GOAL OF THE EXERCISE
Lower down are entries containing pictures. Copy exactly, without those pictures, the lines from the line with "Warm shades of" through the line with "Hey, this is".

--- PROVIDED DATA ---

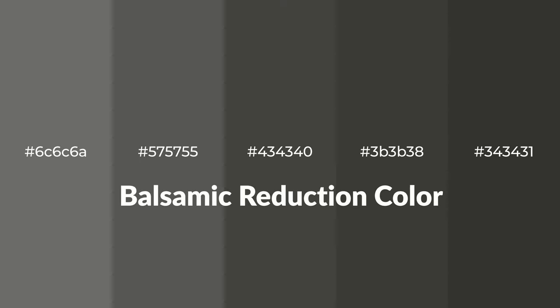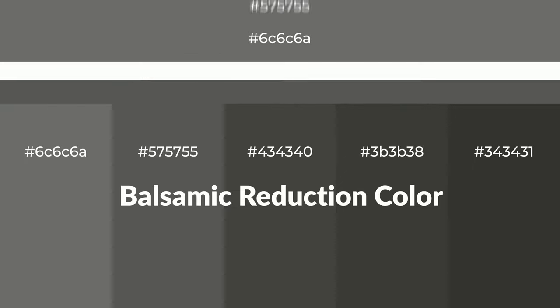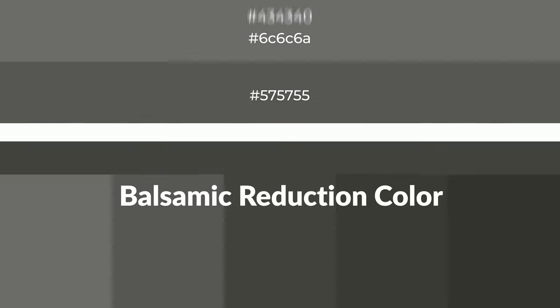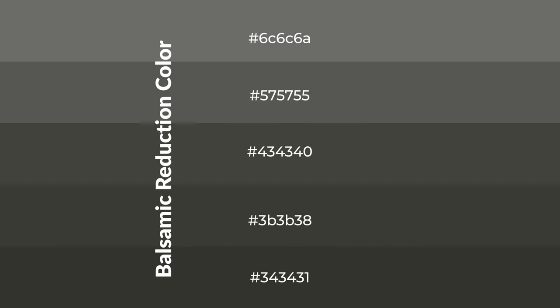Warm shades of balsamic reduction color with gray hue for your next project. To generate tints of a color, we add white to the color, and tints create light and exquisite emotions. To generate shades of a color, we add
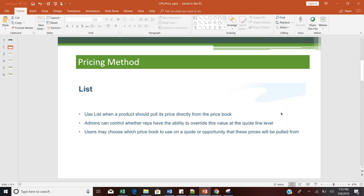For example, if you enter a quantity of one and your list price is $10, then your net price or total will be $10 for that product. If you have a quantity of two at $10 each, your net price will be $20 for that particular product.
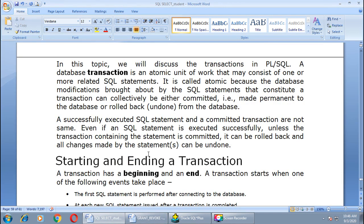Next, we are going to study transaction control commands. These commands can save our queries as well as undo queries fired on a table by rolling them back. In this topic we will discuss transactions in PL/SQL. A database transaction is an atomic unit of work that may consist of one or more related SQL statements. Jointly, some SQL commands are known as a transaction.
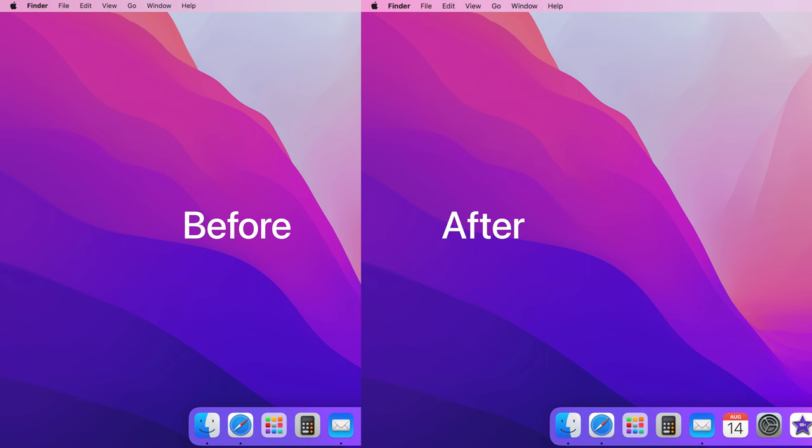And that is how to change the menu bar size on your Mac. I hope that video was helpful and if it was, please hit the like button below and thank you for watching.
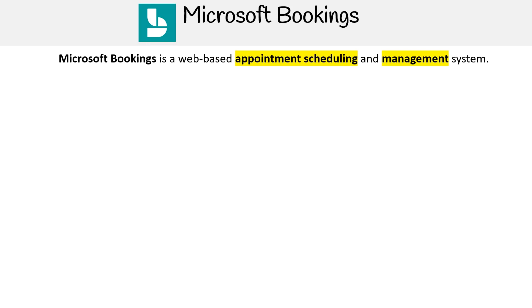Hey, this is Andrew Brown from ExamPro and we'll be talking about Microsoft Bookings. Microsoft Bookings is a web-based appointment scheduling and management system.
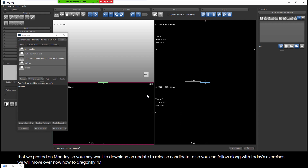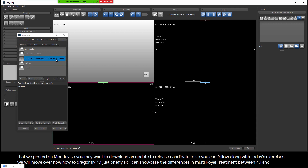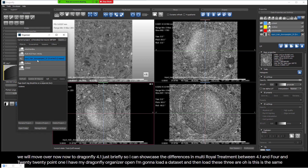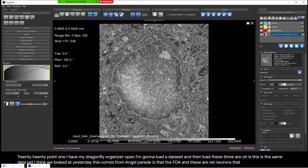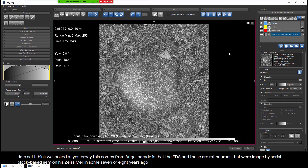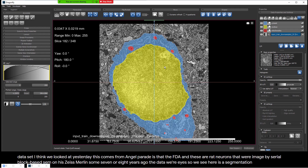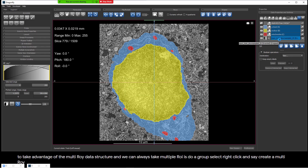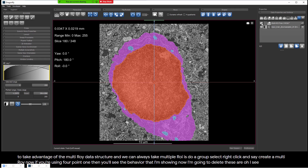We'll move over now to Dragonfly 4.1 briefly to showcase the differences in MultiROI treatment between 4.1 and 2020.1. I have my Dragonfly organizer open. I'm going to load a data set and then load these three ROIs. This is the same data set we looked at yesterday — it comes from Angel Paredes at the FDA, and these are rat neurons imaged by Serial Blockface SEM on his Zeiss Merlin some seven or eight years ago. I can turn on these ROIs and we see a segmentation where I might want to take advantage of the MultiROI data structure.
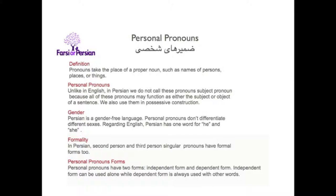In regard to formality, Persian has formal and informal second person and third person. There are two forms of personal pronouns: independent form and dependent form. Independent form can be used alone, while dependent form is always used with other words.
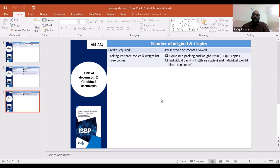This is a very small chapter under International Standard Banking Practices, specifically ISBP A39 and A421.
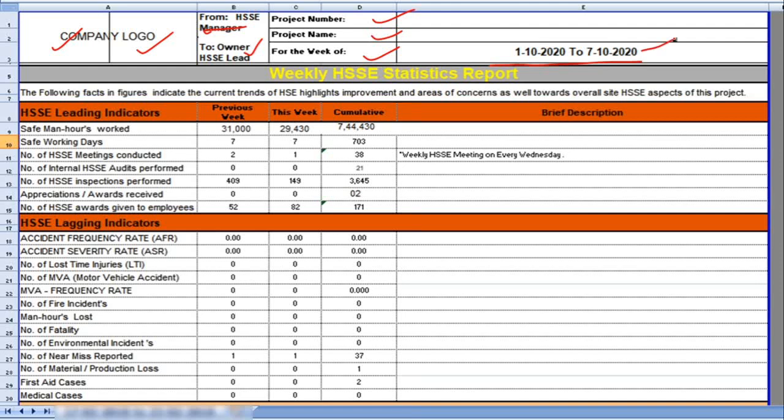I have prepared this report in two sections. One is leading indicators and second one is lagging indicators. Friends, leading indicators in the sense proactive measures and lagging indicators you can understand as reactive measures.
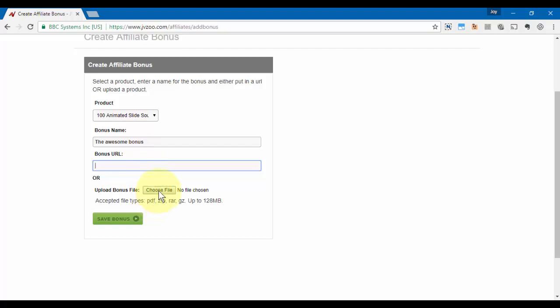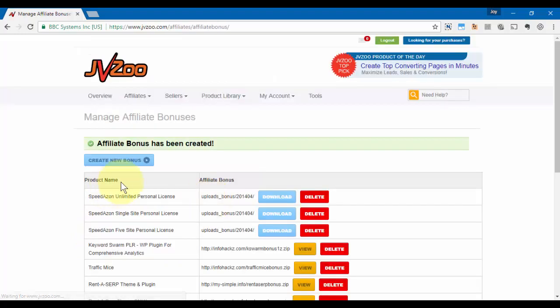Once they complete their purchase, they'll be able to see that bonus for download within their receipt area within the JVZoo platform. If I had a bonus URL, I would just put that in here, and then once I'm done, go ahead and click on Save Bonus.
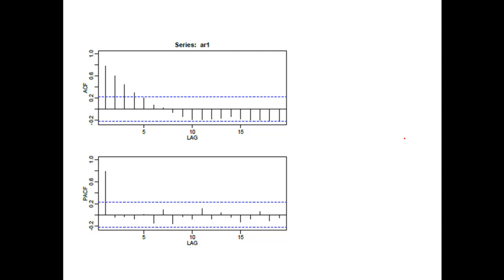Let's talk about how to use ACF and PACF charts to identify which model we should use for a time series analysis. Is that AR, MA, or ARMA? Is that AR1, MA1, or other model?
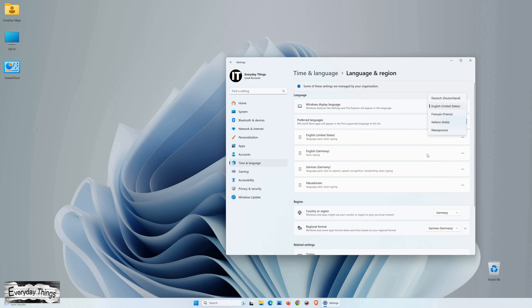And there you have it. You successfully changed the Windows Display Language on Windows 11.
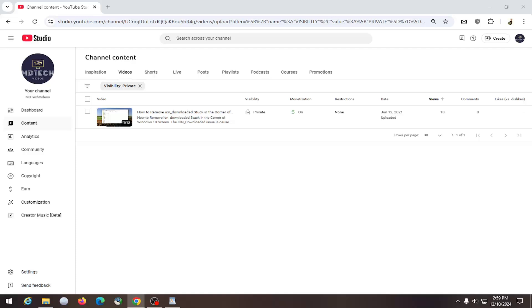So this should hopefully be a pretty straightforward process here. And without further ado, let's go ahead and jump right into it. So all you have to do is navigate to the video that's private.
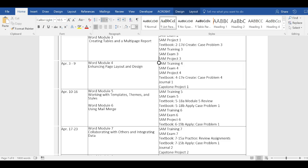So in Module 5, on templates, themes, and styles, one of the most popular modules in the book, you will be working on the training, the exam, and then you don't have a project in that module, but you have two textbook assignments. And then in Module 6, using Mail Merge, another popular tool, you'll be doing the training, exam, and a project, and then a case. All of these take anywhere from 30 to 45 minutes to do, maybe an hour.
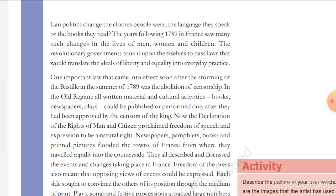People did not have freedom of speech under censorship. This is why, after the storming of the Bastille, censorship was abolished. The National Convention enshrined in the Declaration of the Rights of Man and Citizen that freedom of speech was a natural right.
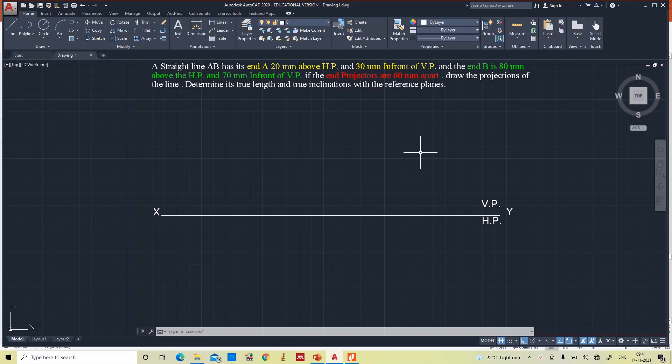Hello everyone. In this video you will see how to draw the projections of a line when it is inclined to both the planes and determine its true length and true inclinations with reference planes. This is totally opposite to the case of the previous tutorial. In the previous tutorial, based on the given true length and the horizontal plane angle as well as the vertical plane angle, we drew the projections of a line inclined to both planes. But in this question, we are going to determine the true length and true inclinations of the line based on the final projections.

---
--- PROVIDED DATA ---

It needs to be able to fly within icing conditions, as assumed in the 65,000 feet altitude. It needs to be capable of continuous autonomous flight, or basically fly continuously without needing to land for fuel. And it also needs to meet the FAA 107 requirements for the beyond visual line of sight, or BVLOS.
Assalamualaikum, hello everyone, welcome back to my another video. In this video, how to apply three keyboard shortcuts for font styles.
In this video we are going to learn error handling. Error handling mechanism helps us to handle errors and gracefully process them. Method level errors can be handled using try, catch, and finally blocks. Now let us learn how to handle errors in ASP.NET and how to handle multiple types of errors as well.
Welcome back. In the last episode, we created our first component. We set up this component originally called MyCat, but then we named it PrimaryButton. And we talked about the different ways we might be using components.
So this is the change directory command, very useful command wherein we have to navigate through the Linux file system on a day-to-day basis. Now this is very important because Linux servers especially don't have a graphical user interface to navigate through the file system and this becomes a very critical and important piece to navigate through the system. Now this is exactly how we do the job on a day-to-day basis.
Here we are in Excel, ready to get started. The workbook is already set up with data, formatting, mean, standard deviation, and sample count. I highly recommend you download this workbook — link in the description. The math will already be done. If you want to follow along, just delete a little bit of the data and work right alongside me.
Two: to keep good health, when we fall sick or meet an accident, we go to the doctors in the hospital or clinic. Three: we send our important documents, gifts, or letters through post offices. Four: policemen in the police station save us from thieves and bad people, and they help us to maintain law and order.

---

EXERCISE SOLUTION
Warm shades of balsamic reduction color with gray hue for your next project. To generate tints of a color, we add white to the color, and tints create light and exquisite emotions. To generate shades of a color, we add
For example, if you enter a quantity of one and your list price is $10, then your net price or total will be $10 for that product. If you have a quantity of two at $10 each, your net price will be $20 for that particular product.
Next, we are going to study transaction control commands. These commands can save our queries as well as undo queries fired on a table by rolling them back. In this topic we will discuss transactions in PL/SQL. A database transaction is an atomic unit of work that may consist of one or more related SQL statements. Jointly, some SQL commands are known as a transaction.
And that is how to change the menu bar size on your Mac. I hope that video was helpful and if it was, please hit the like button below and thank you for watching.
Hey, this is Andrew Brown from ExamPro and we'll be talking about Microsoft Bookings. Microsoft Bookings is a web-based appointment scheduling and management system.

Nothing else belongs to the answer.